Nos propositions tendent également à combler les vides de ce texte en matière de pouvoir d’achat. Compte tenu de la part croissante des dépenses de télécommunication dans le budget des ménages et de la multiplication des contentieux dans ce secteur, vous auriez dû donner aux consommateurs la possibilité de mieux défendre leurs intérêts en autorisant enfin des actions de groupe à la française (« Très bien ! » sur les bancs du groupe SRC). Cette mesure, que nous réclamons depuis bien longtemps, est sans cesse repoussée à plus tard par la majorité.

Voici, pêle-mêle, les occasions manquées par ce texte et que nous vous proposerons de rattraper en adoptant nos amendements : l’encadrement des clauses abusives ; la lutte contre les ventes forcées, notamment dans le domaine de l’informatique et des télécommunications ; le renforcement de la lutte contre le surendettement ; l’instauration d’un véritable service universel bancaire ; la création d’un observatoire des prix et des marges.

Afin de relancer l’économie, nous devrons aussi répondre aux difficultés qu’éprouvent nos TPE, PME et PMI pour subsister et pour se développer à l’international. Outre la réduction des délais de paiement, il serait bon de prévoir des mesures facilitant l’accès au crédit. Avant de chercher à favoriser la création de nouvelles entreprises, il faudrait pérenniser les 2 200 000 TPE et les 2 100 000 PME que compte notre pays. Les PME représentent en effet 59 % de l’emploi salarié et 63 % de l’emploi total, 53 % de la valeur ajoutée, 23 % des exportations et 36 % de l’investissement corporel en France. Quant aux TPE, elles représentent 63 % de la valeur ajoutée. C’est un formidable potentiel de développement économique ! Or, vous ne donnez aucun signal positif en sa faveur.

Soyons donc plus ambitieux ! Il faut créer de véritables fonds de capital risque ainsi qu’un puissant fonds d’investissement dans notre pays. Pourquoi ne pas créer, nous aussi, un fonds souverain ?

Je regrette également que ce texte ne prévoie aucune mesure pour aider les entrepreneurs qui lancent leur activité à trouver un assureur. Dans de nombreux cas, la réglementation leur en fait pourtant l’obligation. Il convient donc de garantir le droit à l’assurance. Si nous ne le faisons pas, de nombreuses activités pourraient rester inexploitées alors que la demande existe – je pense en particulier au secteur du bâtiment et aux travaux publics.

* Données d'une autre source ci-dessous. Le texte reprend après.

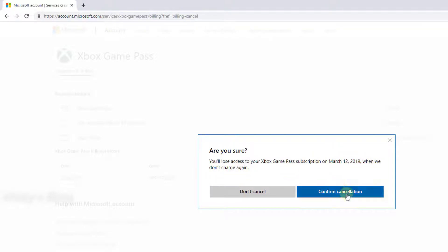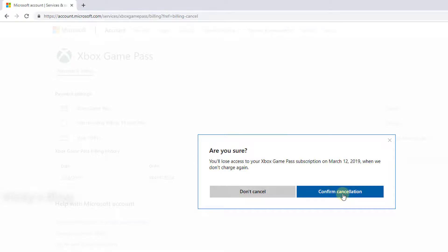Give this confirmation cancellation. If you've decided to do this, just confirm cancellation of your Xbox Game Pass. Once you confirm the cancellation, it will be cancelled and you will not be charged after March 12th.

Vous posez par ailleurs le principe : « pas de profit, pas de charge ». Mais il faudrait cibler le dispositif sur le seul démarrage des entreprises. Nous proposerons d’instaurer une limitation dans le temps afin d’éviter les abus.

J’en viens à la plus grande lacune de ce projet de loi : le prix de l’énergie, pourtant en grande partie responsable des difficultés éprouvées par les entreprises et les ménages. Pourquoi ne pas profiter de ce texte pour prolonger le Tartam, le tarif réglementé transitoire d’ajustement du marché ?

Il me semble également qu’il faudrait être plus offensif en matière de haut débit. Vous proposez certes quelques mesures, mais le dividende numérique devrait nous permettre de mieux irriguer tout le territoire en très haut débit.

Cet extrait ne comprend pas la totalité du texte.